The King is here to do the most kingly thing of all
National Post, 27 May 2025
Let this be a new tradition where the King opens Parliament after every election
A great constitutional drama is unfolding these days in Ottawa, with King Charles III arriving to deliver the Speech from the Throne on Tuesday. It is a testament to His Majesty that the drama has been resolved in not only satisfactory, but spectacular fashion. It is a vindication of the subtlety and suppleness of the Crown-in-Parliament tradition, when executed by a creative first minister.
It is only fair, in passing, to note that this column was critical of the Prince of Wales (and the late Diana, Princess of Wales) for many years, identifying in them a spirit of self-indulgence which is deadly for monarchies in a democratic age. Yet since his accession nearly three years ago, the King has not put a foot wrong. By sending his brother Prince Andrew, Duke of York, into internal exile, and keeping his son, Prince Harry, in external exile, he has done much to cauterize that wound in the Royal Family.
The King is the sovereign of several realms, and by convention takes the advice of his several prime ministers. The prime ministers therefore ought to ensure that their advice does not conflict, or cause discomfort for the King in his other realms.
Sir Keir Starmer failed precisely in that when he ostentatiously and obsequiously brandished an invitation to President Donald Trump from King Charles for a second state visit. Sir Keir should not have advised the King to invite Trump for a second state visit, contrary to precedent, on the simple grounds that surely Trump did not merit an honour not even granted to Ronald Reagan in the high affection of the Thatcher premiership. The manner of the invitation, delivered like a grand prize on a television game show, was exceedingly vulgar, perhaps calculated as such; it brought evident delight to the vulgarian to whom it was addressed.
Apart from the personal abnegation of Sir Keir, adopting the posture of the class nerd meekly offering his lunch money to the schoolyard bully, the first minister of the United Kingdom should have never involved the King in appeasing Trump at the very moment that the American president was declaring that Canada, one of the King’s realms, was not “a real country.” We do not know if the King’s first minister for Canada, then Justin Trudeau, was consulted, or what advice he offered. The upshot was that King Charles was let down by both Sir Keir and Trudeau, who should never have put the sovereign in between the interests of two sovereign nations.
National Post readers likely remember better than most the fiasco that ensued when Her Late Majesty Elizabeth II, upon the advice of former British Prime Minister Tony Blair, was set to award a peerage to Conrad Black, our founding proprietor. Then-Prime Minister Jean Chrétien objected to Black’s appointment to the House of Lords, and so advised the Queen not to proceed. Lord Black, as he eventually became, graciously withdrew to prevent the sovereign having to choose between her prime ministers. The matter was (unpleasantly) worked out by Black giving up his Canadian citizenship (which he subsequently resumed), in effect removing one first minister from the advice-giving.

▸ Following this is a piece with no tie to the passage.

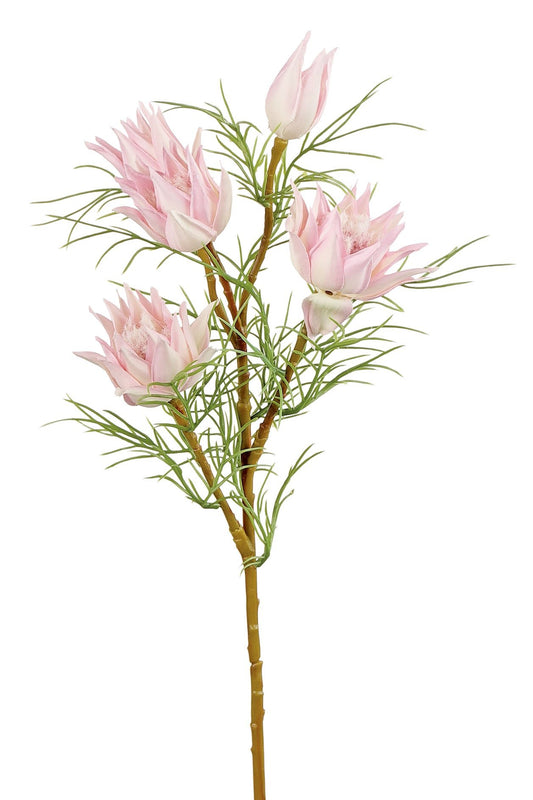 23.5" Pink Wild Protea - 6216-P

That was Chrétien indulging personal pique against the National Post’s reportage. This is far more serious, with Sir Keir having asked the King of Canada to potentially undermine the foreign relations and economic prosperity of Canada itself, in effect sacrificing Canada’s good for the (apparent) good of the United Kingdom.
How then to repair the damage? Prime Minister Mark Carney’s solution was both elegant and effective; instead of using the King as a shiny new toy for Baby Trump — as he was depicted in the giant balloon that bobbed over protests in London and will return for the second state visit — Carney asked the King to be more, not less, kingly. He advised the King to come to Canada do the most kingly thing of all, to open Parliament.
Queen Elizabeth only read the Speech from the Throne twice, and the second time was honorific, to celebrate her Silver Jubilee in 1977. Parliament was prorogued one day, only to be opened in a new session the next to afford the Queen the opportunity to read the throne speech. Only in 1957, with that stalwart monarchist John Diefenbaker in office, did the Queen open an entirely new Parliament — then on her first visit to Canada as sovereign. It was a triumph then and it will be another triumph now, in more urgent circumstances.